## TRY IT
Would you please transcribe the data in full and exactly, excluding images?

## Stored records
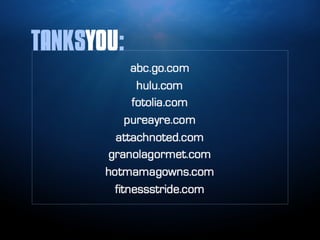 How to Survive the Shark Tank - Part 1 [Investor Tips] - #sharktank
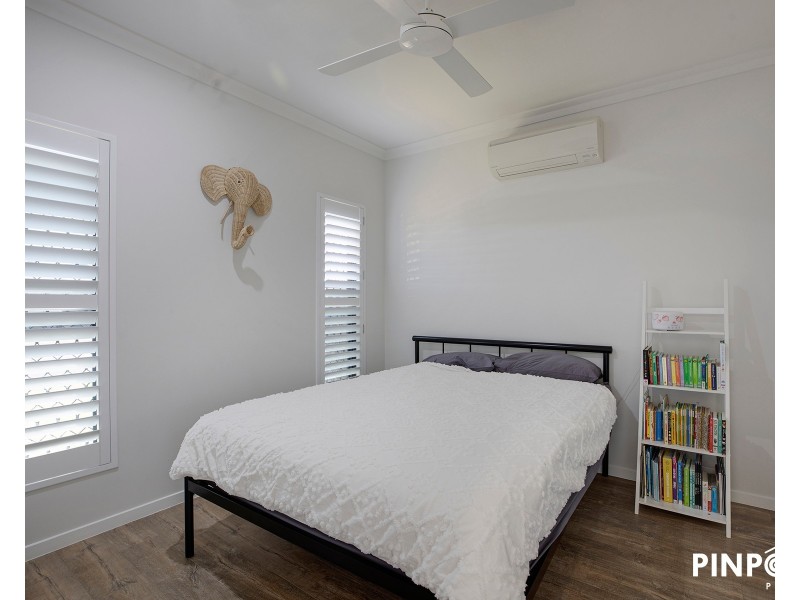 32 Darcy Boulevard, Beaconsfield QLD 4740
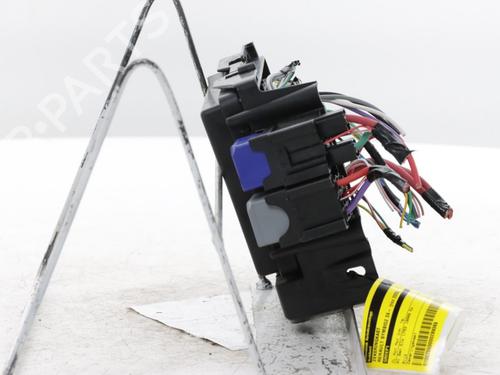 Fuse box RENAULT SYMBIOZ 1.8 E-Tech 160 Full Hybrid | BP37872956E1 - Image 8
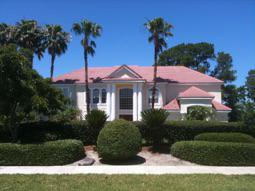 Welcome to
Mid-Florida Pressure Cleaning Inc.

## ANSWER SPACE
 How to Survive the Shark Tank - Part 1 [Investor Tips] - #sharktank
 32 Darcy Boulevard, Beaconsfield QLD 4740
 Fuse box RENAULT SYMBIOZ 1.8 E-Tech 160 Full Hybrid | BP37872956E1 - Image 8
 Welcome to
Mid-Florida Pressure Cleaning Inc.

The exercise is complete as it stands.